Absolutely this. When somebody is this misbehaved I think you have to send a strong message.


----------



## csbutler

Movingshrub said:


> Unfortunately, no HOA for my neighborhood. My neighbor had a tree growing out of her boat at one point.


If you live inside the city limits atleast you have code enforcement. I'm out here in the county and of course my hoa doesn't want to be active. Basically counting down the days till it hits the fan.


----------



## Movingshrub

@csbutler , oddly enough someone else did call code enforcement on my neighbor. She had a box trailer, a motorcycle trailer, and the boat with the tree in it, plus overgrown grass in the front.

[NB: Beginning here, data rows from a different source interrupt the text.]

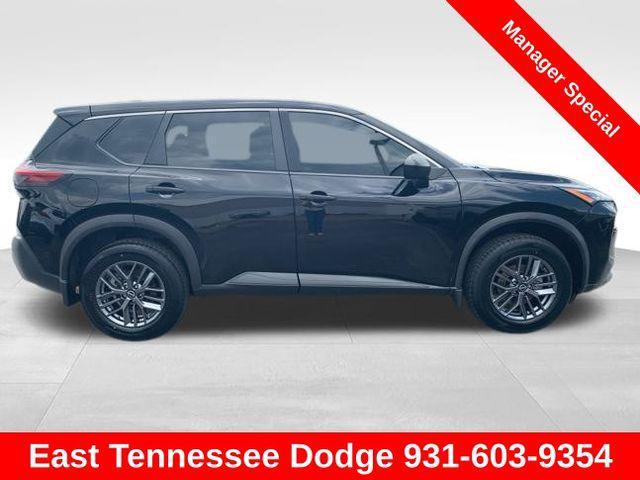 used 2022 Nissan Rogue car, priced at $19,874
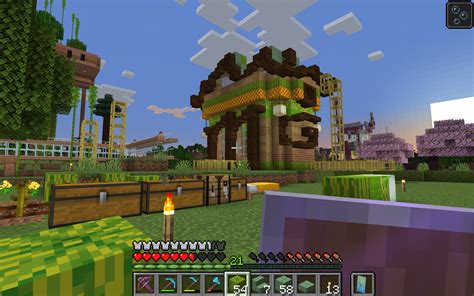 Image result for Disruptive Builds Roof Minecraft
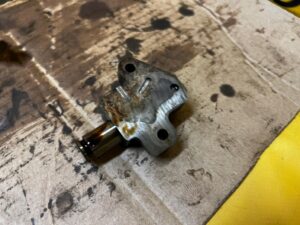 NAPINACZ ŁAŃCUCHA ROZRZĄDU RENAULT 1.3 TCE H5HB470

Previously it was all hidden until I started removing trees. She sold all of the aforementioned items and occasionally cuts the grass now.


----------



## WBrown999

Movingshrub said:


> My neighbor had a tree growing out of her boat at one point.


I thought boats belonged in a harbor, not an arbor.


----------



## SCGrassMan

WBrown999 said:


> Movingshrub said:
> 
> 
> 
> My neighbor had a tree growing out of her boat at one point.
> 
> 
> 
> I thought boats belonged in a harbor, not an arbor.
Click to expand...

Sailing the Seven Trees?


----------



## WBrown999

SCGrassMan said:


> WBrown999 said:
> 
> 
> 
> 
> 
> Movingshrub said:
> 
> 
> 
> My neighbor had a tree growing out of her boat at one point.
> 
> 
> 
> I thought boats belonged in a harbor, not an arbor.
> 
> Click to expand...
> 
> Sailing the Seven Trees?
Click to expand...

Shiver me timbers.


----------



## SCGrassMan

<facepalm>


----------



## balistek

Im a Psychiatric nurse practitioner. Trust me I know all bout crazy Deal with that crap all day long. Sounds very manipulative. I wouldn't try to rationalize or bargain with her. Build that fence high. Get documentation of the property lines. If she is a frequent user of emergency services, I'm sure she is well known to be not quite right. Sorry to hear about your neighbor.

Best of luck,

Ron


----------



## WBrown999

balistek said:


> Build that fence high.


All joking aside, I think Ron is spot-on here. She has put you in a very difficult position, and the best option is to sever ties.


----------



## TigerinFL

Here are a few pics of what I am dealing with. The last pic is of my side yard so you can see we do keep it pretty nice looking. I just lowered the blade to 1 1/8th yesterday so it was the first scalping.


----------



## TigerinFL

so today I contacted the Florida Department of Agriculture since they are the department that handles this kind of thing here. they sent me a form to fill out but our conversation over the phone ended up saying since no one actually saw her doing it, there wasn't a whole they could actually do. they don't even take soil samples to figure out what is going on.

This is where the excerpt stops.